Arlin rasanya ingin sekali merobek bibir cewek di hadapannya, pasalnya Arlin sudah terlanjur tahu sifat cewek di hadapannya ini yang seperti serigala berbulu domba. Jadi saat mendengar ucapan Lana, ia bukannya merasa berterima kasih, malahan sekarang Arlin sedang berusaha sekeras mungkin agar emosinya yang sudah ada di ubun-ubun ini tidak terlihat.
"Nggak perlu kok sumpah, gue ada uru- JEVAN!"

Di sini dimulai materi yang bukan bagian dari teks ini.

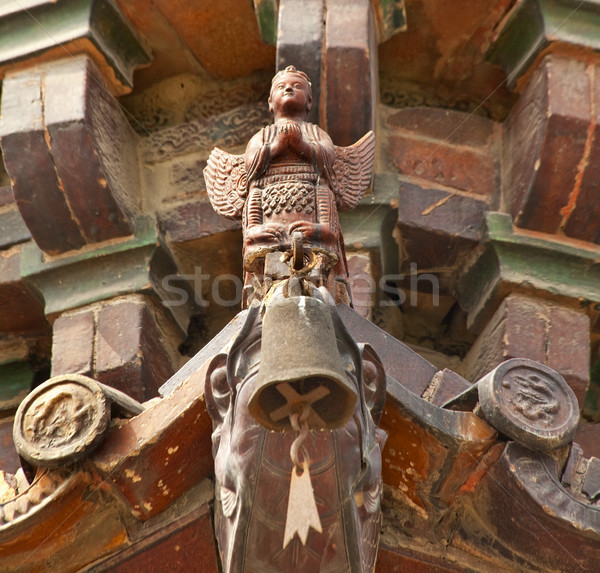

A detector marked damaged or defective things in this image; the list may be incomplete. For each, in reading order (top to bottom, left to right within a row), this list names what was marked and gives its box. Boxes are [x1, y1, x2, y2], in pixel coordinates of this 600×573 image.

rusted metal bell [247, 294, 356, 428]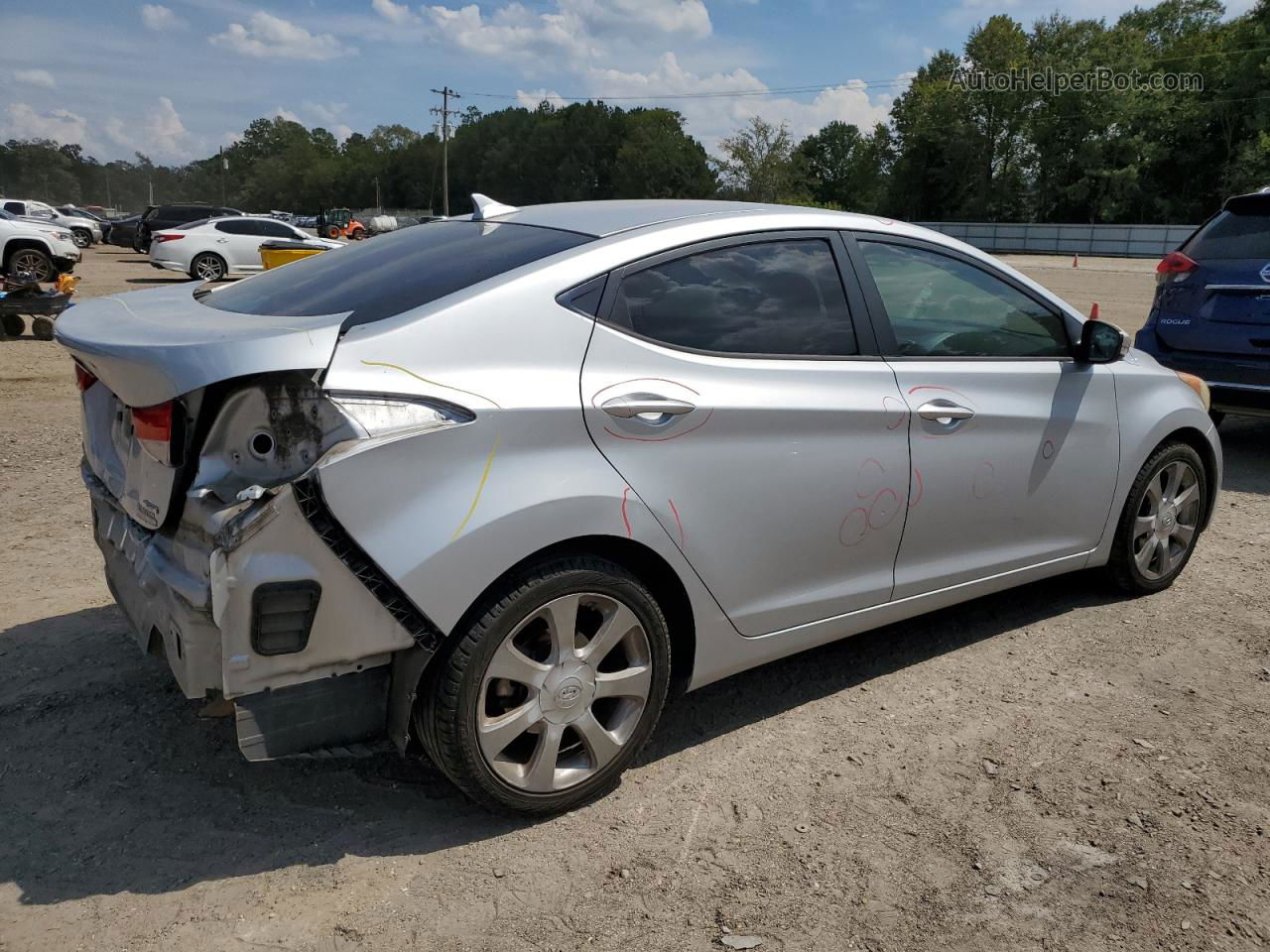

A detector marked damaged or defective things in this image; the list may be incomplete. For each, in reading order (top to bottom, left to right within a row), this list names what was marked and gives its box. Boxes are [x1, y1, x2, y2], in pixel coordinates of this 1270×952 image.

missing taillight assembly [132, 398, 176, 467]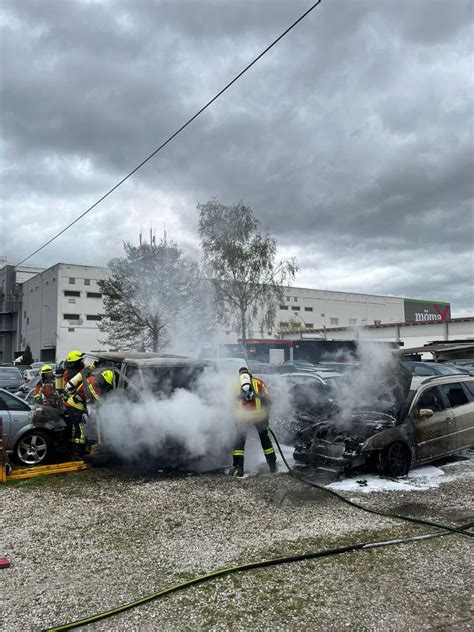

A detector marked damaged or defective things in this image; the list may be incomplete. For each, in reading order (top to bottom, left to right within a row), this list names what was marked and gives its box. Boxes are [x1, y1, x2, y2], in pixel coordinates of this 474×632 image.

Arlin yang hendak menyelesaikan kalimat untuk menolak ajakan dua sejoli itu tiba-tiba melihat seorang lelaki bertopi dengan kaos hitam dan ripped jeans sedang lewat di belakang Jeffrey dan Lana, cowok itu mendorong troli berisi bahan-bahan makanan dan beberapa kebutuhan rumah tangga. Saat melihat bahwa seseorang yang memanggilnya adalah cewek aneh atau bisa dibilang teman Haikal yang beberapa saat lalu baru saja mengajaknya berpacaran. Jevan melotot kaget dan tanpa tahu alasannya, rasanya tubuhnya otomatis ingin segera menghindar dari cewek aneh itu.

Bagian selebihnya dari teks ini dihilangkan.